[Activity] Each line below should be retyped exactly, with no pictures.

[Material supplied]

----------

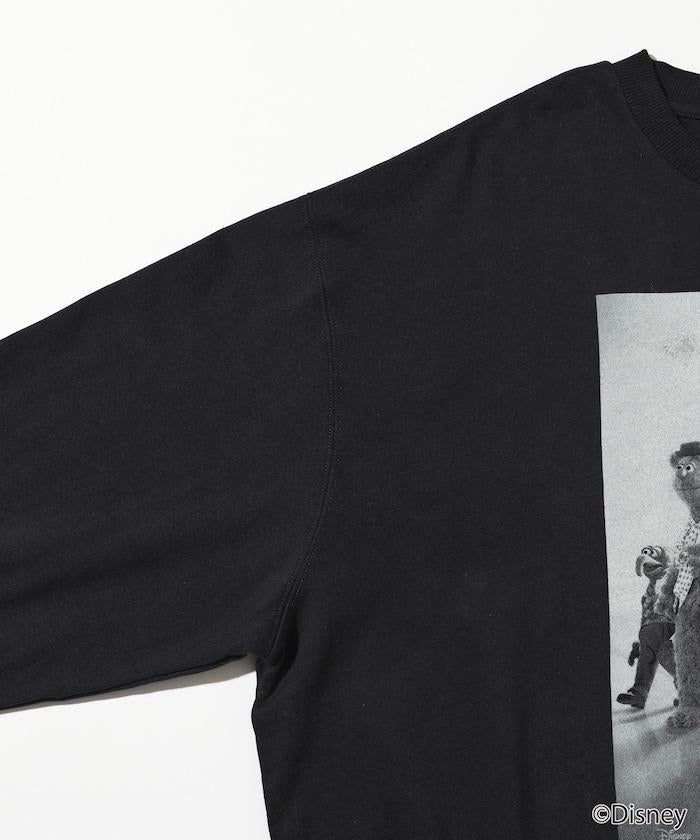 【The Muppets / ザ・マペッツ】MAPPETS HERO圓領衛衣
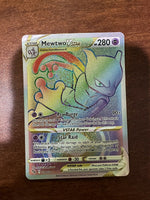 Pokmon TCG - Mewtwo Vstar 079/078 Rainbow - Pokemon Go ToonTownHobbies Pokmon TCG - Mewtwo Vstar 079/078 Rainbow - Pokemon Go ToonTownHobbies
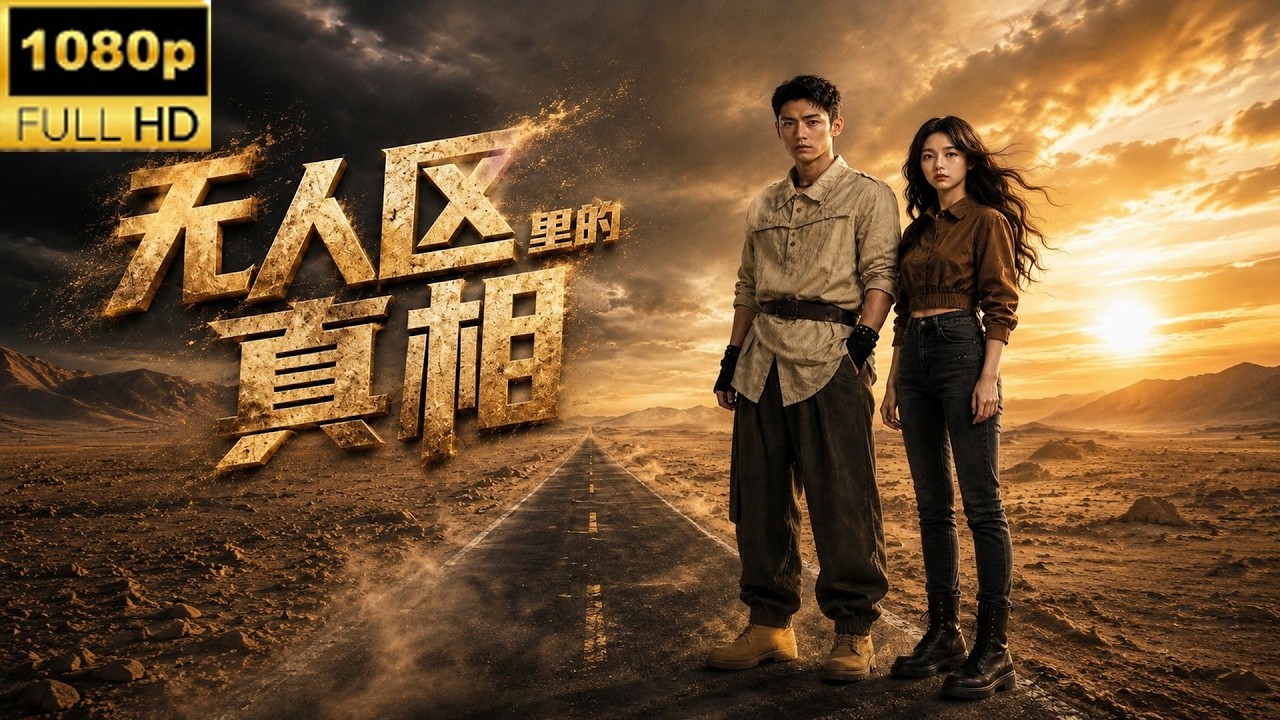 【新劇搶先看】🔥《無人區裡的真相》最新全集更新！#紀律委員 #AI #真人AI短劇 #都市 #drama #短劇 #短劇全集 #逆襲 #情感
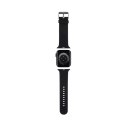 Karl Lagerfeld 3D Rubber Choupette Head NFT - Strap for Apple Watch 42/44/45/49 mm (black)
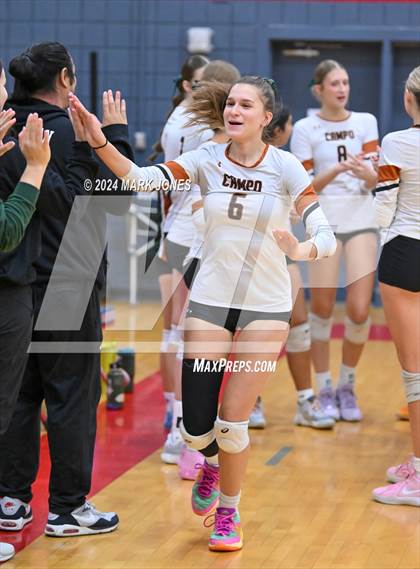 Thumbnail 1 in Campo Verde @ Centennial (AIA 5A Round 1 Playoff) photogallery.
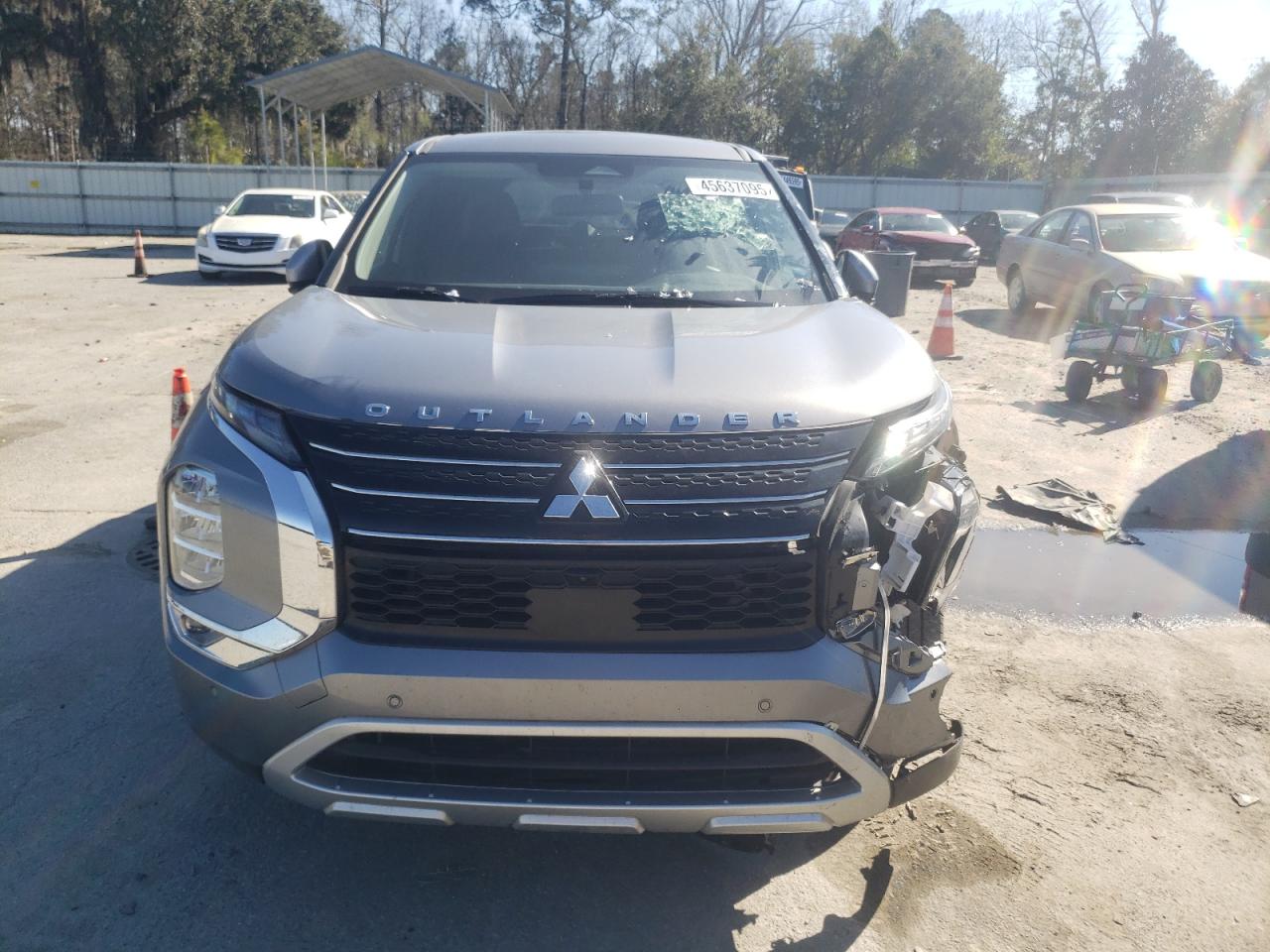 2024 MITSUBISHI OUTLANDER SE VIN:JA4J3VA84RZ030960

----------

[Task result]
 【The Muppets / ザ・マペッツ】MAPPETS HERO圓領衛衣
 Pokmon TCG - Mewtwo Vstar 079/078 Rainbow - Pokemon Go ToonTownHobbies Pokmon TCG - Mewtwo Vstar 079/078 Rainbow - Pokemon Go ToonTownHobbies
 【新劇搶先看】🔥《無人區裡的真相》最新全集更新！#紀律委員 #AI #真人AI短劇 #都市 #drama #短劇 #短劇全集 #逆襲 #情感
 Karl Lagerfeld 3D Rubber Choupette Head NFT - Strap for Apple Watch 42/44/45/49 mm (black)
 Thumbnail 1 in Campo Verde @ Centennial (AIA 5A Round 1 Playoff) photogallery.
 2024 MITSUBISHI OUTLANDER SE VIN:JA4J3VA84RZ030960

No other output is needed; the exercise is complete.